Regarding the “swag” of VM mobility and all the headaches that comes with it I highly recommend checking out the knowledgeable Ivan Pepelnjak’s blog that will make you think twice about whether you really need it or not, great content!

  • DR Plan.

I was lucky enough that the storage kept synchronising and that shutting down the VMs on the other side released the locks, and the few lines of PowerCLI above allowed me to recover fairly quickly. But if the second had been blown up by an asteroid I would have been screwed. In a 2 sites architecture a DR plan with cross replication is an absolute must have.

It is not all bad

I painted a pretty grim picture of the situation but a few things remain very positive:

  • Even though luck was a decisive factor regarding storage synchronisation, the RPO of this recovery was very good because of it. The storage having been up to date, little to no data loss occurred and the RTO was only a few hours.

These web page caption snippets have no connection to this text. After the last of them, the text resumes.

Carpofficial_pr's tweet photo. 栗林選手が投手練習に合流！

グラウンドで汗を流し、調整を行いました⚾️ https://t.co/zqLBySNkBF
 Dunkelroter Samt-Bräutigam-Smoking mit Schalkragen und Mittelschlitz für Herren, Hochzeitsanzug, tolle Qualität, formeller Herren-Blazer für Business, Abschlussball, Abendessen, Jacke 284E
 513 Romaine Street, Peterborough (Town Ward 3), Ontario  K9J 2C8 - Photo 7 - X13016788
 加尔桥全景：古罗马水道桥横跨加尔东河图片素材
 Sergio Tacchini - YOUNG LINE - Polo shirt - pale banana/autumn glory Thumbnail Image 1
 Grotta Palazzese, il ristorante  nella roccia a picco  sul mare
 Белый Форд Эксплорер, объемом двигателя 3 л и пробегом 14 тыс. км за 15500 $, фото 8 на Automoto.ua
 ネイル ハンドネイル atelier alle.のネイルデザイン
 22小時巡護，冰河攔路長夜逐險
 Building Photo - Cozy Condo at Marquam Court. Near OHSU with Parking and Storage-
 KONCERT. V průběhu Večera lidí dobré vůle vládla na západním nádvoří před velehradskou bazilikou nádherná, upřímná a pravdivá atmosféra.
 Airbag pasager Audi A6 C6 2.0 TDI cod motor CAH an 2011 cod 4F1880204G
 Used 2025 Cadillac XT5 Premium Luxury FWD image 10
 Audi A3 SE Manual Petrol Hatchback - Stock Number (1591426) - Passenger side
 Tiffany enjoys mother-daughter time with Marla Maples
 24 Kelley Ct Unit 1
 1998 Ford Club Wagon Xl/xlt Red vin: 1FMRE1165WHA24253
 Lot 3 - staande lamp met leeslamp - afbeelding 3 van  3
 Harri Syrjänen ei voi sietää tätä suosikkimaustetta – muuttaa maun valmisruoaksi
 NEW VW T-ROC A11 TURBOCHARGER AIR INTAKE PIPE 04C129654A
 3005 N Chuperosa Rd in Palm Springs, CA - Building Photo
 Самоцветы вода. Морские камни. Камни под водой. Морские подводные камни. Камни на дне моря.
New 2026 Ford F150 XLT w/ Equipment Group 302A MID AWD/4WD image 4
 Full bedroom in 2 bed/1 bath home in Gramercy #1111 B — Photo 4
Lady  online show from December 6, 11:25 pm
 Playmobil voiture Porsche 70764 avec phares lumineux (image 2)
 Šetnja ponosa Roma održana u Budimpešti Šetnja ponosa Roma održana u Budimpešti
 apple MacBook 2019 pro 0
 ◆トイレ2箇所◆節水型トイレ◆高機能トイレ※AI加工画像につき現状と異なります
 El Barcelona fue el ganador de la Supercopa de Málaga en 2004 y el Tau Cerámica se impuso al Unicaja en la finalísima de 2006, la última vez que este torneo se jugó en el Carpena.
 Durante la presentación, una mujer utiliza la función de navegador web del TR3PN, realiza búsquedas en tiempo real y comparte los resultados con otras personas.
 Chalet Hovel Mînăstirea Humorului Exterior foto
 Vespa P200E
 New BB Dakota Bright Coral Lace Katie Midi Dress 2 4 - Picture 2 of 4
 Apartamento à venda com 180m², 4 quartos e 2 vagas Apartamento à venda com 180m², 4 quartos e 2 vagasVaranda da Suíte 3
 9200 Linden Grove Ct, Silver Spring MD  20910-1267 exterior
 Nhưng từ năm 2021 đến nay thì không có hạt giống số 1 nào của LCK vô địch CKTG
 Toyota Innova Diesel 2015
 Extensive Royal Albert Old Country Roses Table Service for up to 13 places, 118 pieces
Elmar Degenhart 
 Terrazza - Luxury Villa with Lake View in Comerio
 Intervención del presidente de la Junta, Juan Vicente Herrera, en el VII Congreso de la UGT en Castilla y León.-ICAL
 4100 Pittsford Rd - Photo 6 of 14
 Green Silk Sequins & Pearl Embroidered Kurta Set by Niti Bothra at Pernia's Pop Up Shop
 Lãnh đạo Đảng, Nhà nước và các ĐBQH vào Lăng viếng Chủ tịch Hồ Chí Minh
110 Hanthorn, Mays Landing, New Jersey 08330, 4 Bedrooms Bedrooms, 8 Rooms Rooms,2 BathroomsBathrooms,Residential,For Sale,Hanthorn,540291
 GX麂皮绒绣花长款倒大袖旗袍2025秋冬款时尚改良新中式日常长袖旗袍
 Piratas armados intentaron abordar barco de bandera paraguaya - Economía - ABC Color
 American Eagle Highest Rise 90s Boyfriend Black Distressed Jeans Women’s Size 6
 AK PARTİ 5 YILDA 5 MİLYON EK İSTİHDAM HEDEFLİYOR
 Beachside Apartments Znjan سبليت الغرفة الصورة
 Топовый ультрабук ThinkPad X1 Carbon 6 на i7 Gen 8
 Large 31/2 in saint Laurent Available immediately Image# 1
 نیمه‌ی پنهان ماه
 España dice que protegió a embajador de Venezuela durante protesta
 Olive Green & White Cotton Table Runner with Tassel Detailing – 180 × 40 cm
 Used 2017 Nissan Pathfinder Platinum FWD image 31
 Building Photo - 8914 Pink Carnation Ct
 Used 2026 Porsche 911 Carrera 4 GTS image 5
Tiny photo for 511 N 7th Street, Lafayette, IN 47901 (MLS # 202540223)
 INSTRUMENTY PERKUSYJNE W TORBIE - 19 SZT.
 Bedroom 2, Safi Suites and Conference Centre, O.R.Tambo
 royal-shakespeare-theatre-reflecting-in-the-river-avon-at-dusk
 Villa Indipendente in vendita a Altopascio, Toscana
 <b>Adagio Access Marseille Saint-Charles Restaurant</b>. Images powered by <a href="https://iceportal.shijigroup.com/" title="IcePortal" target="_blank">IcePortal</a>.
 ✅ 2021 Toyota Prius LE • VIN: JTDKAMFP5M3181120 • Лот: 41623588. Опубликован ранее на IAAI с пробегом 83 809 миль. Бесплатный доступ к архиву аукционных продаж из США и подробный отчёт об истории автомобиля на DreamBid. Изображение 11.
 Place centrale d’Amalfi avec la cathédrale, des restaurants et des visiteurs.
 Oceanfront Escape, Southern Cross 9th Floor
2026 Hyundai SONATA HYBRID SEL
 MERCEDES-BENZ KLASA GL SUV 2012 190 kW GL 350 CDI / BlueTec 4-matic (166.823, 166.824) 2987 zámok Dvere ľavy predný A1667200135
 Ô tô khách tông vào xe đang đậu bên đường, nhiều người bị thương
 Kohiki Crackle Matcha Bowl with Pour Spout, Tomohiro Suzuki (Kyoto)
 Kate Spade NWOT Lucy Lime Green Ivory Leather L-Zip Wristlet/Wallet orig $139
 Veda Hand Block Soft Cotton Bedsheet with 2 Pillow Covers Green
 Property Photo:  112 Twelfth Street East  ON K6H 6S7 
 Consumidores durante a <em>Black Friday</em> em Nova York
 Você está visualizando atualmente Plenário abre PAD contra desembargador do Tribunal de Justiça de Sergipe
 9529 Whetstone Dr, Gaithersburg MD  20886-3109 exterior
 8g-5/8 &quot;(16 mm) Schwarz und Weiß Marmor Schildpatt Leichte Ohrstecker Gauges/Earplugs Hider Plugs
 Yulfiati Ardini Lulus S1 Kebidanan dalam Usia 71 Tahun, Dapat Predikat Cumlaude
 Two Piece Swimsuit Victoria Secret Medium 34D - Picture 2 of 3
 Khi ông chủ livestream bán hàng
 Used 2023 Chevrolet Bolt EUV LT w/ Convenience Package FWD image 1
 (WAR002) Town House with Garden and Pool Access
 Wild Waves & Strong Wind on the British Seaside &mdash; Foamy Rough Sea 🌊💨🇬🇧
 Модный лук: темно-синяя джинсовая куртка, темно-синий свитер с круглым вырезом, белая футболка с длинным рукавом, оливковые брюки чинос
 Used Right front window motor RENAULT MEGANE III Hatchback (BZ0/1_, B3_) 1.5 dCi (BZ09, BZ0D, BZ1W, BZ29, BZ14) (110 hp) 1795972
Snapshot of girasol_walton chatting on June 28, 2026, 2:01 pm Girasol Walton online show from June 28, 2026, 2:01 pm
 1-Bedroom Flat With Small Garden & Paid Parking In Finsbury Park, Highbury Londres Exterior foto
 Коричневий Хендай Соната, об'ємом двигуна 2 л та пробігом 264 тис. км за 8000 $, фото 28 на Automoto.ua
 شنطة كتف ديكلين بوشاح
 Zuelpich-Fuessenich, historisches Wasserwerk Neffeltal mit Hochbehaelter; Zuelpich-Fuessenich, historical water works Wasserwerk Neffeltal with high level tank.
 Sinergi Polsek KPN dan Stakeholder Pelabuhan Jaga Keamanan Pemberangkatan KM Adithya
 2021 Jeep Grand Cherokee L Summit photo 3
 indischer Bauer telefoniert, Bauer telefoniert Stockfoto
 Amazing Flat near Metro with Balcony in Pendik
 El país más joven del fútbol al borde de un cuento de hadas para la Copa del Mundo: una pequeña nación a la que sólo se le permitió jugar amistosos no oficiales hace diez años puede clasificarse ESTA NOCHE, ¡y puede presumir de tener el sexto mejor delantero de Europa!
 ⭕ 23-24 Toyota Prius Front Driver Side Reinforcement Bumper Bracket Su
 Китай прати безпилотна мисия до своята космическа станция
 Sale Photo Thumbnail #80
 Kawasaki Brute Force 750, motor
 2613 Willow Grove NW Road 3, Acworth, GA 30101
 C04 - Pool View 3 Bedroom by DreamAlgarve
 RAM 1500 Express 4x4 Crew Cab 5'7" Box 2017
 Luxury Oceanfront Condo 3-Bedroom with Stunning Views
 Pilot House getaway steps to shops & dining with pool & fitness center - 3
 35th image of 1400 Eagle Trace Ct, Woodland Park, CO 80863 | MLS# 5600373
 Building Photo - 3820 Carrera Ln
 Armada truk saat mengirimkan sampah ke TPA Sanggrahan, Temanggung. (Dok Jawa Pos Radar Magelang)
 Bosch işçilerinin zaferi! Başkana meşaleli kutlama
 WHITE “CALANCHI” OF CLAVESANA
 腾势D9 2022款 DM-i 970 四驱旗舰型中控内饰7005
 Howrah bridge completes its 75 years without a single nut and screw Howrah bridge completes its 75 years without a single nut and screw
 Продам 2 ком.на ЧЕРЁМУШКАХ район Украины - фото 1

  • Lessons were learnt. Some things take a large amount of sweat, produced by an outage like this one, to get people out of their comfort zone and assign resources to find solutions to the “What if” situations and pay more attention to best practices. Also, if higher management could not be convinced to put some money into it, it is definitely going to happen.

Anyway, nice little case study that I thought would be worth sharing!